Yep that is what we are eatin.
with a side of mushrooms.


----------



## tgallaty (Dec 11, 2008)

I was able to fill my tag with this mule deer. I took 5 of my goats with me into the Aldo Leopold Wilderness in New Mexico. It was a rifle hunt, which my goats are not accustomed to gunfire (my fault, I usually archery hunt), and they panicked at the shot and ran back to the trailhead about 5-6 miles away. After I gathered them up, they did great; it just took an extra day and a dozen extra miles of hiking. Next time I take them on a rifle hunt I will put more effort into getting them used to the loud bang.

Tim
[attachment=0:31134poa]2010 deer hunt 004.jpg[/attachment:31134poa]


----------



## McDanAx (May 24, 2010)

That sure got me cracking up this morning. Congrats on the muley.
Thanks for the tip, my goats will attend all family skeet shoots from now on.


----------



## gsbswf (Apr 5, 2009)

Great looking buck, Tim. I finally drew an any antelope tag for my favorite area. He is my first buck antelope. He isn't huge, although I like his typical shape. He had a pretty terrible limp and was holding up the rest of the herd, including a doe that was really trying to stay with him. I decided I would not be happy with a once-in-a-lifetime giant buck, knowing I had left this guy to suffer and die this winter and hold up the other 50+ animals migrating with him. Every step and every day count when it comes to migration, and that goat-like characteristic of pronghorn herd behavior meant that this buck was a good choice from a management and ethics standpoint. 

I also harvested two doe antelope this year, but with no one to take pictures of me (I propped the camera on the cooler for this one) all I have are dead-on-the-ground shots that are more to remind me of every animal I take as the numbers go up and the years pass.

Anyway, the hunt didn't require goats, and I think that for pronghorn it would be extremely ethically wrong to take goats along. My guys won't be packing for next season, but after that, the mule deer and elk of Wyoming better watch out.


----------



## jross (Dec 20, 2008)

See my post about my elk hunt here:
viewtopic.php?f=11&t=770

In Oct I took my nephew on a rifle elk hunt. We watched 20 elk (incl. 3 bulls) bed down and he stalked to within 50 yards of them. Then the wind changed and they blew out of there. No shots at running elk allowed, so he's eating tag soup.

I just gave up on oryx hunting for the year. There are lots of oryx (a big African antelope) on White Sands Missile Range but they don't want them spreading from there into the surrounding country. So they have about 40-50 "off range" tags per month year round. Unfortunately they've been very successful at wiping them out off range. I hunted hard for 2 weeks and saw no oryx.

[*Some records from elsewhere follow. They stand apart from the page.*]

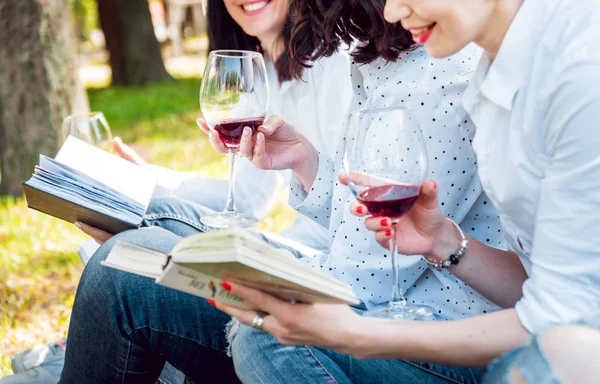 Три Молодые Девушки Удовольствием Читают Красное Вино Парке — стоковое фото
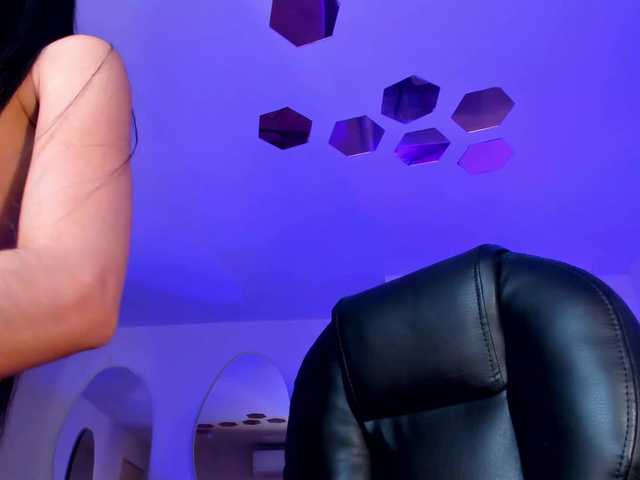BellaConnor live cam on BongaCams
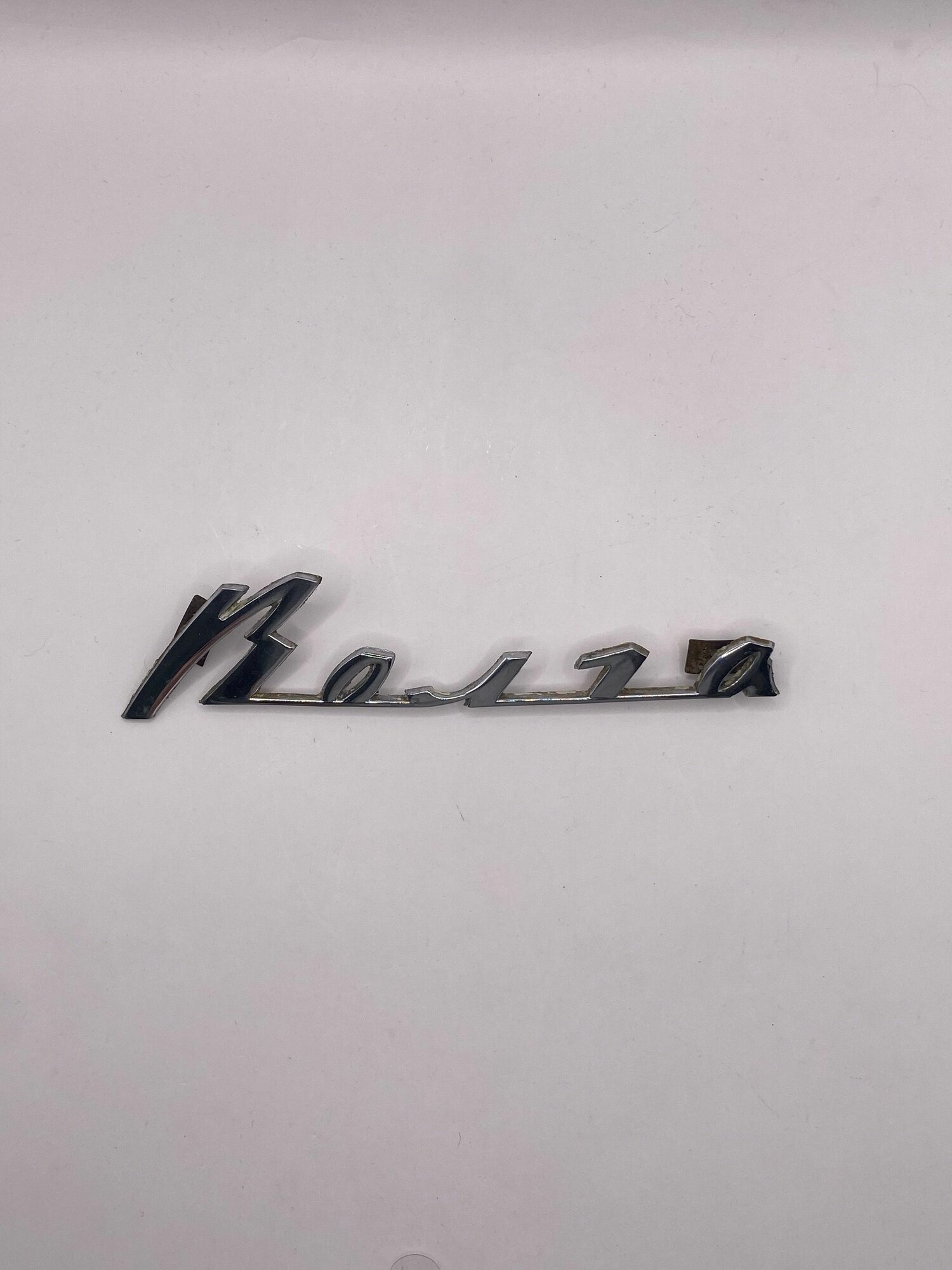 Шильдик, эмблема от крыла "ГАЗ 24" Волга. Материал: Металл, хром. Длина 19 см.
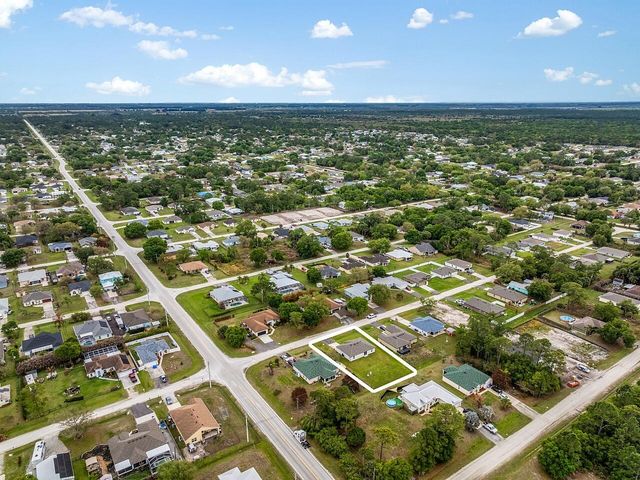 8275 105th Court, Vero Beach, FL 32967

I took a friend on an oryx hunt last year along with my goats. We saw an oryx about 1000 yards away. He stalked to within 500 yards then it saw him and took off. It saw me and my goats lurking under a juniper tree and paid us no attention. I guess it thought the goats were deer or cows or some other 4 legged critters, and didn't worry. Here's a cool pic of my buddy and the goats:


----------



## B&amp;Cpacker (May 11, 2010)

My goats got to be lazy during hunting season. This is their first year and they went in on a few scouting trips and one early season hunting trip. I backpacked in solo during the general season here in Washing ton and was really wishing I would have used the goats. I didn't want to bring them because I didn't like the idea of leaving them back at camp alone while I hunted. Well I ended up getting a big bodied deer and had a 100+ pound pack out. 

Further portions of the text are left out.